Greek retailers and consumers in the doldrums
The economic climate improved slightly in July due to better growth expectations in industry, construction and services, according to a report by the Foundation for Economic and Industrial Research (IOBE).
However, this optimism is not reflected in retail commerce, where expectations have clearly deteriorated.
Overall, the economic climate index improved to 90.8 from 87.6 in June, still below the 100 threshold separating expectations of growth from expectations of recession.
Construction and services did better than industry, with businessmen active in both sectors appearing to believe that their business will finally begin to get out of the doldrums they found themselves stuck in earlier this year amid the first surge in the pandemic.
Retail trade stands out, however, for its bad climate.
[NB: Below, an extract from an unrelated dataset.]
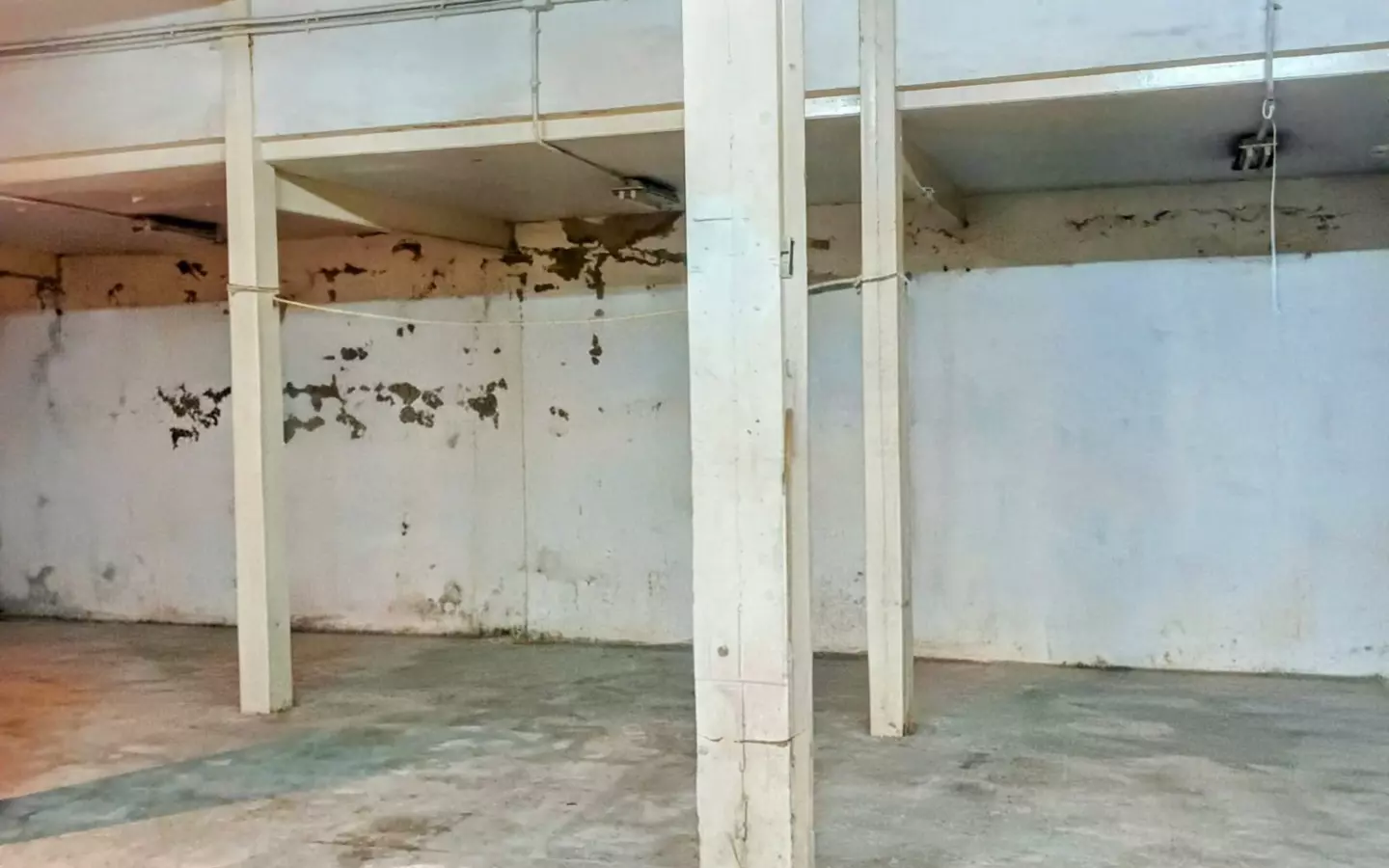 1-bedroom Warehouse In Benidorm, Spain (225 M²)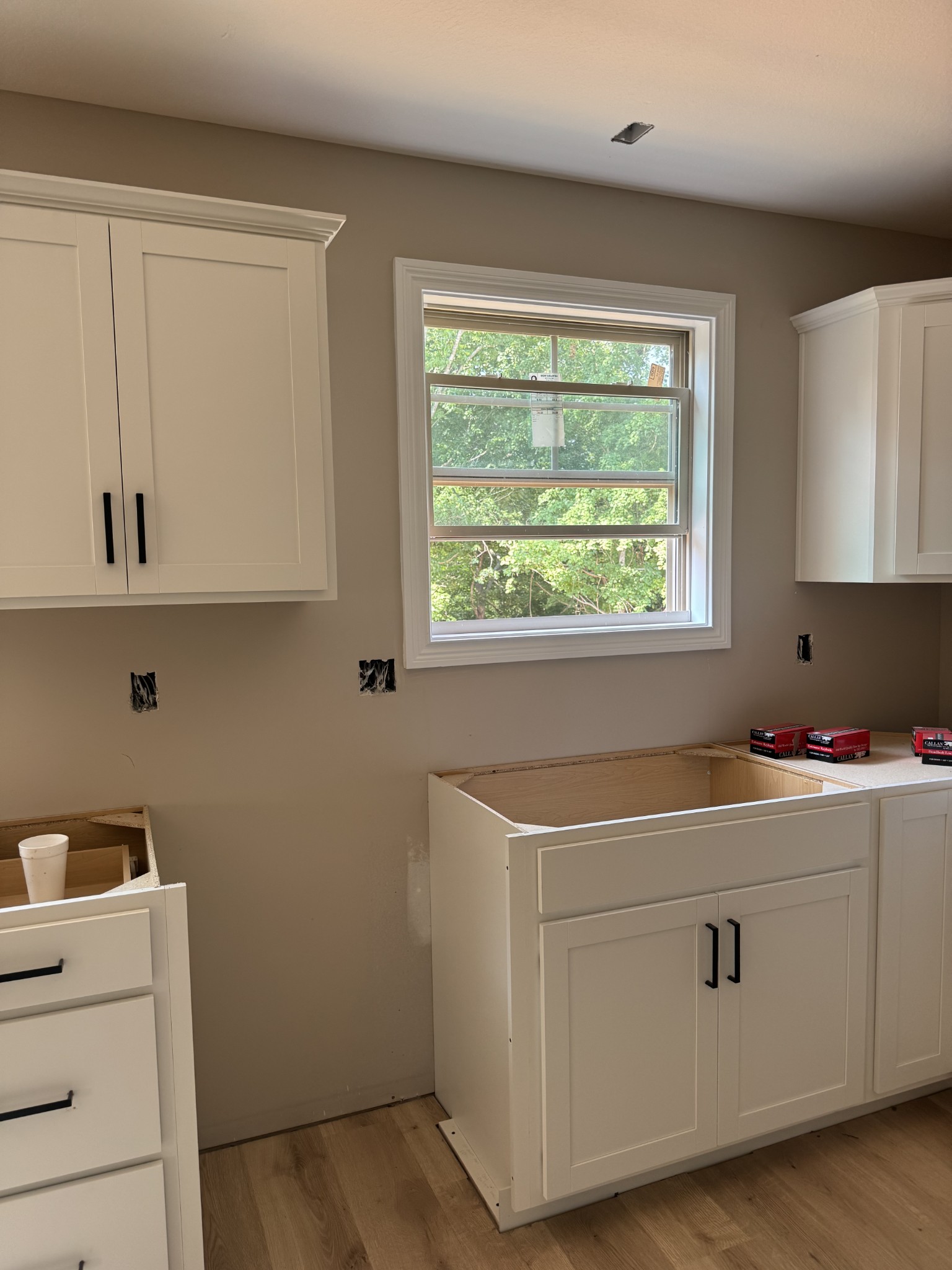 Clarksville, Tennessee 37043, United States, 3 Bedrooms Bedrooms, ,3 BathroomsBathrooms,Residential,Active,108526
The sector’s expectations sub-index dropped to 70.4 from 84.4 in June. This means the sales outlook has changed for the worse and stocks of unsold products are rapidly growing.
Consumer confidence also took a hit in July, with negative sentiments outpacing positive ones by 34.7% (from 27.7% in June), while last year the difference – again in favor of negativity – was 15%. This new drop in sentiment makes Greek consumers the most pessimistic in the European Union, followed by Bulgaria’s (32.2%). Consumers in Slovenia, Portugal and Spain are also among the EU’s top five in terms of their pessimistic outlook.
The difference between Greek consumers who said their household finances are worsening versus those who say they are improving rose to a (negative) 27.2% in July, from 21% in June. Among the surveyed households, 44% said their finances took a slight or serious turn for the worse, while just 4% reported a slight improvement.
Exporters have also turned pessimistic. The TCI (Trade Confidence Index) compiled by the Association of Northern Greek Exporters stood at 86.8 in the first half of the year (over 100 represents optimism and under 100, pessimism), down from 141.5 a year ago.
In the manufacturing sector, purchasing managers also showed a slight trend toward pessimism. This was due to shrinking production and new orders. The uncertainty surrounding the pandemic has clearly affected clients, both domestic and international.